Todos os bens foram apreendidos (fls. 17/18) e aqueles de que trata o presente caso foram avaliados no montante total de R$ 40,00 (quarenta reais, consoante o auto de fls. 19).

Pois bem.

A tese abraçada pelo competente Representante Ministerial, com a devida vênia, não pode ser aceita, em que pese suas bem lançadas razões.

As mercadorias subtraídas, repise-se, foram avaliadas no total de R$ 40,00 (quarenta reais).
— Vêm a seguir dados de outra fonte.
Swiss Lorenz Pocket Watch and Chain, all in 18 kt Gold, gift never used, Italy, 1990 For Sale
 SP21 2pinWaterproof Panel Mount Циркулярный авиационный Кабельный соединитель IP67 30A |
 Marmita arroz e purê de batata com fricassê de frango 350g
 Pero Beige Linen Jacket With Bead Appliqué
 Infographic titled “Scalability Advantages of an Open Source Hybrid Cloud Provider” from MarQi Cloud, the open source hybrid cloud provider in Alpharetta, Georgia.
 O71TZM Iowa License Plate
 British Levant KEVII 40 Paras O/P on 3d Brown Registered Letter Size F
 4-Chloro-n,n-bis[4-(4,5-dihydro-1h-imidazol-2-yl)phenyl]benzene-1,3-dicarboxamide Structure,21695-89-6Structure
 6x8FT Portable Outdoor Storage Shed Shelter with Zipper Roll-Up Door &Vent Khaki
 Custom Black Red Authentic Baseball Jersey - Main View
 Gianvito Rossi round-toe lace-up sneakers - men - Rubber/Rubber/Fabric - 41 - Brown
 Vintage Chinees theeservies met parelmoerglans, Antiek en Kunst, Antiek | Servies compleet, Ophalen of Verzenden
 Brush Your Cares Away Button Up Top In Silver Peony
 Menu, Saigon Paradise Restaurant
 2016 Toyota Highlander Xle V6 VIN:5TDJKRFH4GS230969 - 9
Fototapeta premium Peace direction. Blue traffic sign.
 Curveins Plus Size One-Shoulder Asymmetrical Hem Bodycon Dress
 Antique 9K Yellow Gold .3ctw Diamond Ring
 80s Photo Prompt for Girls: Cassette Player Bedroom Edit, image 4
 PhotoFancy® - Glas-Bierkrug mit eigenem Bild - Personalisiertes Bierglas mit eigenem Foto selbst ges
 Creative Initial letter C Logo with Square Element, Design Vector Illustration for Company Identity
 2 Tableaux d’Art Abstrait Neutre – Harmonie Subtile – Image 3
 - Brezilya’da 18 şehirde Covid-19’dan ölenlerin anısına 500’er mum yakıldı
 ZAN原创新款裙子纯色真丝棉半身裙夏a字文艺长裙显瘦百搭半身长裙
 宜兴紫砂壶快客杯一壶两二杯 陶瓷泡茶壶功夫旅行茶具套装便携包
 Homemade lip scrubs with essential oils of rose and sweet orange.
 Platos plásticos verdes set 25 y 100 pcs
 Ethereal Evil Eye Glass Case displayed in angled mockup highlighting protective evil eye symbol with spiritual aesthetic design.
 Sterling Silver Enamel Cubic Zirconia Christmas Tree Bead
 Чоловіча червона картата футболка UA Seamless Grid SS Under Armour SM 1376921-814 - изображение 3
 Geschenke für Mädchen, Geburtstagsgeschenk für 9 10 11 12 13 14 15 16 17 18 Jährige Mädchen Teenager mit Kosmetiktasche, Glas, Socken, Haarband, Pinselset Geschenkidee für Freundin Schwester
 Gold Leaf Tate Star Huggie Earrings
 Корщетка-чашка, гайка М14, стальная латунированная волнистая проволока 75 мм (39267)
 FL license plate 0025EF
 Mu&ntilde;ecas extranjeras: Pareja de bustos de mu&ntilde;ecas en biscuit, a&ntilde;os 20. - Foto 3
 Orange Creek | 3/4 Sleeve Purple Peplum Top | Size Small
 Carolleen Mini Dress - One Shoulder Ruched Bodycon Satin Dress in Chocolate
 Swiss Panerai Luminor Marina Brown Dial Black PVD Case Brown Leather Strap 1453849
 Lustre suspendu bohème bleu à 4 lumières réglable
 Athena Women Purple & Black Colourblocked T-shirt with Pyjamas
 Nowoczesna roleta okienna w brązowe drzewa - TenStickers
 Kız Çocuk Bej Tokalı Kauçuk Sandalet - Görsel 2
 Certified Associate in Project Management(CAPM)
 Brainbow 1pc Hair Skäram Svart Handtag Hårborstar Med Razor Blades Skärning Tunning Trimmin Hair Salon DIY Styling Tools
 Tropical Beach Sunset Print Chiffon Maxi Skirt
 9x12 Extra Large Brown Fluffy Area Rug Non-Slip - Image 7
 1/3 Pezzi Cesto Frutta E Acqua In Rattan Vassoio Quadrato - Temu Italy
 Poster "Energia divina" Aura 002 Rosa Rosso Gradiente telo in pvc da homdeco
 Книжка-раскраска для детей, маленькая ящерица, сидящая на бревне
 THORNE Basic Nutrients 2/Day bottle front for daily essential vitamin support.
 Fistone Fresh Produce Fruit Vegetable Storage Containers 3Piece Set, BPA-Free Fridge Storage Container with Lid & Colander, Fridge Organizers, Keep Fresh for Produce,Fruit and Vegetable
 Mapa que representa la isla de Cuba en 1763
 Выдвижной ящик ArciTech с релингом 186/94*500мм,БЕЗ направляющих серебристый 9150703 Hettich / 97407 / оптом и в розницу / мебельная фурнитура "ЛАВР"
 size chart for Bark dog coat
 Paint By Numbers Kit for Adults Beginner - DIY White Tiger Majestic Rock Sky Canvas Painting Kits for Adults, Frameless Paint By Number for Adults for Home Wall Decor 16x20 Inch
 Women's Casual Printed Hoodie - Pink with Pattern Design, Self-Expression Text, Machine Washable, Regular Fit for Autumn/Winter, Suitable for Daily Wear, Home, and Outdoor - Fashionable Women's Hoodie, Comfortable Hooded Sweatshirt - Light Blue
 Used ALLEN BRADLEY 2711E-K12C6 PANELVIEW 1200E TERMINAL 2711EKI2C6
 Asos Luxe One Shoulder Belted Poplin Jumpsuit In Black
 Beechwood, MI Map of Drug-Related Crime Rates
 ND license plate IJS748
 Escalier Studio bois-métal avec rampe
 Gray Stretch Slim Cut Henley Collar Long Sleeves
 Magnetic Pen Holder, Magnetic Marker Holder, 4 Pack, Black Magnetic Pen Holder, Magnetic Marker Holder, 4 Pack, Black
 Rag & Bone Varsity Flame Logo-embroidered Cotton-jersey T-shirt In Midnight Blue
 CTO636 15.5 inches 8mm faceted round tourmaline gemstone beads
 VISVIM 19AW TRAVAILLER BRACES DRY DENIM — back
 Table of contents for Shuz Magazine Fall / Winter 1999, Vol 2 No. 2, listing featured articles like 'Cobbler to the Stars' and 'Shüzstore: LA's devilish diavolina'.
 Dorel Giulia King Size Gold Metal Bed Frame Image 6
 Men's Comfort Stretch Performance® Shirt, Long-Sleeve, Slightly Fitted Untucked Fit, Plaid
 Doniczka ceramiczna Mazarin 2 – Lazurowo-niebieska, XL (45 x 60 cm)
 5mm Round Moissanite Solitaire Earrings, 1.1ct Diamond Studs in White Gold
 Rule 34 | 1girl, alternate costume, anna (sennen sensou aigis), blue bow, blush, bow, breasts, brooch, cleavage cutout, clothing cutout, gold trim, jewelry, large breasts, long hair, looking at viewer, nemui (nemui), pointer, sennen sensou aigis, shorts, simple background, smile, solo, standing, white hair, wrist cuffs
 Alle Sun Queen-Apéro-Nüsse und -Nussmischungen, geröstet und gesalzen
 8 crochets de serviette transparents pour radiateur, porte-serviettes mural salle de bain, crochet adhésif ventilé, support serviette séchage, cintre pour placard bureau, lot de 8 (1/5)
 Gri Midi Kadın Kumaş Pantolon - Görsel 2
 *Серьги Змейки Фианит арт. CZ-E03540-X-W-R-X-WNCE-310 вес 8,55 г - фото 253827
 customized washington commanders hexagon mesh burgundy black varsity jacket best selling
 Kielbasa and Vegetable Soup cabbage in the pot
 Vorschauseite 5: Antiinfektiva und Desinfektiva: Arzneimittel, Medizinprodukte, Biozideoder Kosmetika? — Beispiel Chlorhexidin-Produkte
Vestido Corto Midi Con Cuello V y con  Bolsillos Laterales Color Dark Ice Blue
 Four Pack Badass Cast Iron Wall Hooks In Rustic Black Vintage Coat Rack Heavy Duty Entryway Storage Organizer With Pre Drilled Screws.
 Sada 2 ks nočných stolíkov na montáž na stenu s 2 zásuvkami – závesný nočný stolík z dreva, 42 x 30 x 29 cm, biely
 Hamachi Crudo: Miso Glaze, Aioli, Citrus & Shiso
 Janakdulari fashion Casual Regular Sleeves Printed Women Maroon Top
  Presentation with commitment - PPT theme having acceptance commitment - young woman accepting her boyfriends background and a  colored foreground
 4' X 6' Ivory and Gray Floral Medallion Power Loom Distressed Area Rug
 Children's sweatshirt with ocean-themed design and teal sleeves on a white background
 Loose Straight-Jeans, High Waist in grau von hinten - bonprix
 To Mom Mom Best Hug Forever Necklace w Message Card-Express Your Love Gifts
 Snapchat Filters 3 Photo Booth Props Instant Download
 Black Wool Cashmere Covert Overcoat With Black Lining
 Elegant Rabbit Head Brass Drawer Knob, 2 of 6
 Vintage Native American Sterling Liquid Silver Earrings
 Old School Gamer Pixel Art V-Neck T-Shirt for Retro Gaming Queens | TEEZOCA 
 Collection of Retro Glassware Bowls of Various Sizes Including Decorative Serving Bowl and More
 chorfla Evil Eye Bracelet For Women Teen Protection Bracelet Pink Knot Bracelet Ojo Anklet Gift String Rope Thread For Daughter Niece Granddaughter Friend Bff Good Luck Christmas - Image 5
Reconhece-se que tal valor não é expressivo, mas daí a dizê-lo insignificante, não nos parece correto; a se aplicar o princípio mencionado, resultando na atipicidade material da conduta, estar-se-ia estimulando o cometimento de infrações patrimoniais de objetos de pequeno valor.

Reconhecer como atípicos comportamentos desse porte é, nas palavras do eminente Desembargador Francisco Bruno, agir como se o próprio Estado dissesse ao autor do fato: “Isto não é crime, o senhor está autorizado a fazê-lo novamente” (Apelação n. 990.10.079006-4, j. em 29.7.10, 9.ª Câmara de Direito Criminal do Tribunal de Justiça de São Paulo).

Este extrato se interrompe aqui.